■ **AIM OF THE TASK**
What you return must be exactly the lines running from the one with "Usado Mercedes S320" to the end of the data below, inclusive, and nothing more.

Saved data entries
● ● ● ●

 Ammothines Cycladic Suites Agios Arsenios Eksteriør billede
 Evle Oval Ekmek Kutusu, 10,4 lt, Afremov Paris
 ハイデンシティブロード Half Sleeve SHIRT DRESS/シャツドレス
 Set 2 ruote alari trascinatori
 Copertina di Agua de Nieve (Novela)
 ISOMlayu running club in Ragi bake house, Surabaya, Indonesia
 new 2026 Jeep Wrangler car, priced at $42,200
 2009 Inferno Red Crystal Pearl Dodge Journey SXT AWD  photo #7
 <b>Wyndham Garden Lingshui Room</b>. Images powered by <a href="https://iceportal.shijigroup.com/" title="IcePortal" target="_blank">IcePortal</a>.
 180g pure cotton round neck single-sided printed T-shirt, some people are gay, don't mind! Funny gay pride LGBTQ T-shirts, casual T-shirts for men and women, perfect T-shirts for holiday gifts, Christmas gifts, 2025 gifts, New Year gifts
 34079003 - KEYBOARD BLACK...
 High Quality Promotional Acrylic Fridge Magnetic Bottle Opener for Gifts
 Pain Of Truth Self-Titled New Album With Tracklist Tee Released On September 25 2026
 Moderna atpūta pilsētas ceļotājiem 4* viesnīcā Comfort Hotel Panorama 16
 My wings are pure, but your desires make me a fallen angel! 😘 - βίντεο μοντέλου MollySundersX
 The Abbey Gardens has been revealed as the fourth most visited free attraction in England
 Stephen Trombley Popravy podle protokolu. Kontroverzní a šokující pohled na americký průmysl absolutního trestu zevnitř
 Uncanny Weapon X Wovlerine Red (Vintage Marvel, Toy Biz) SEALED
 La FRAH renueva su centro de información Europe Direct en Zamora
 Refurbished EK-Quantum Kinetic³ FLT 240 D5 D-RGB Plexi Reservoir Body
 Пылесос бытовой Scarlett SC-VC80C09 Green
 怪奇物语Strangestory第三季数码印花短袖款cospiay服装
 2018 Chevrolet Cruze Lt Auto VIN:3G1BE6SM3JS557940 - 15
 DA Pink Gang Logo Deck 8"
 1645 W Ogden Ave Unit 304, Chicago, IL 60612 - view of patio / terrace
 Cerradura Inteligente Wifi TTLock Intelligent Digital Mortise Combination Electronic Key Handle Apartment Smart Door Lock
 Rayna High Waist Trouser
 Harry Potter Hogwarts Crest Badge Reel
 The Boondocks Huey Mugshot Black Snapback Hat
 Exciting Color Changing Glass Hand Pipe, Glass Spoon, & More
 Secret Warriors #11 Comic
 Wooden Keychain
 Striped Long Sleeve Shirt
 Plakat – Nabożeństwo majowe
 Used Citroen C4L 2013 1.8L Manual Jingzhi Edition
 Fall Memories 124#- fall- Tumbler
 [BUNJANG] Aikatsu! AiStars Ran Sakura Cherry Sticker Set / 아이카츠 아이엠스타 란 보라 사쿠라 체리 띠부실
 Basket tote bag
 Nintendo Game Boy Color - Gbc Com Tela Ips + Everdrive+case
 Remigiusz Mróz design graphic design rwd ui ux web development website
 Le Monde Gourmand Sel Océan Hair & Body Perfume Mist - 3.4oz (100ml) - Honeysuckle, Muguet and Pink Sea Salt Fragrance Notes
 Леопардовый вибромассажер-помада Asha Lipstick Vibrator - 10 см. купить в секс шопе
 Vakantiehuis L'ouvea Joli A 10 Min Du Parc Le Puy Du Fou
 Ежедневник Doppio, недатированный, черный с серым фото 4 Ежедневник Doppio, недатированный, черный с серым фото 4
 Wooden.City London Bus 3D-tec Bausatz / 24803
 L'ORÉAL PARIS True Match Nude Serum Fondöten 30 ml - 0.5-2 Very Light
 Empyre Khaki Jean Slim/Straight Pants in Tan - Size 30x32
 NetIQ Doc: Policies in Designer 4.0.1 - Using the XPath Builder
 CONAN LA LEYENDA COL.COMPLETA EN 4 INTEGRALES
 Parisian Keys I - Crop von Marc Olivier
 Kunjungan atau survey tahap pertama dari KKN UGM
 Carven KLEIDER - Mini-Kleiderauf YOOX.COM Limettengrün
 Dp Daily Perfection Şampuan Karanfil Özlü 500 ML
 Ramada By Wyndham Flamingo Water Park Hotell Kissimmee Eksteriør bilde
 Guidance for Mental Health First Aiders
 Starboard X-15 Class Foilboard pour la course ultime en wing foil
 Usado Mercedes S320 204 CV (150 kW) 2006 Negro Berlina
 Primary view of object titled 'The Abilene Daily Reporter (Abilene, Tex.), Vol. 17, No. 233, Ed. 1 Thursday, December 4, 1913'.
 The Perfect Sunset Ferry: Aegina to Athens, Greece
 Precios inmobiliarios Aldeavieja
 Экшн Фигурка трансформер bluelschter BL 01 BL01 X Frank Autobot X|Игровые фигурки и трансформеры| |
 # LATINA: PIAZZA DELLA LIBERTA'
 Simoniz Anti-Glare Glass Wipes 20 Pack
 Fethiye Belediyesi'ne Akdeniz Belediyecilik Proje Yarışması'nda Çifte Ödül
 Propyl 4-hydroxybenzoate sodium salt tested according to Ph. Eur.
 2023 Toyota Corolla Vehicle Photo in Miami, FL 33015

● ● ● ●

■ **WRITTEN REPLY**
 Usado Mercedes S320 204 CV (150 kW) 2006 Negro Berlina
 Primary view of object titled 'The Abilene Daily Reporter (Abilene, Tex.), Vol. 17, No. 233, Ed. 1 Thursday, December 4, 1913'.
 The Perfect Sunset Ferry: Aegina to Athens, Greece
 Precios inmobiliarios Aldeavieja
 Экшн Фигурка трансформер bluelschter BL 01 BL01 X Frank Autobot X|Игровые фигурки и трансформеры| |
 # LATINA: PIAZZA DELLA LIBERTA'
 Simoniz Anti-Glare Glass Wipes 20 Pack
 Fethiye Belediyesi'ne Akdeniz Belediyecilik Proje Yarışması'nda Çifte Ödül
 Propyl 4-hydroxybenzoate sodium salt tested according to Ph. Eur.
 2023 Toyota Corolla Vehicle Photo in Miami, FL 33015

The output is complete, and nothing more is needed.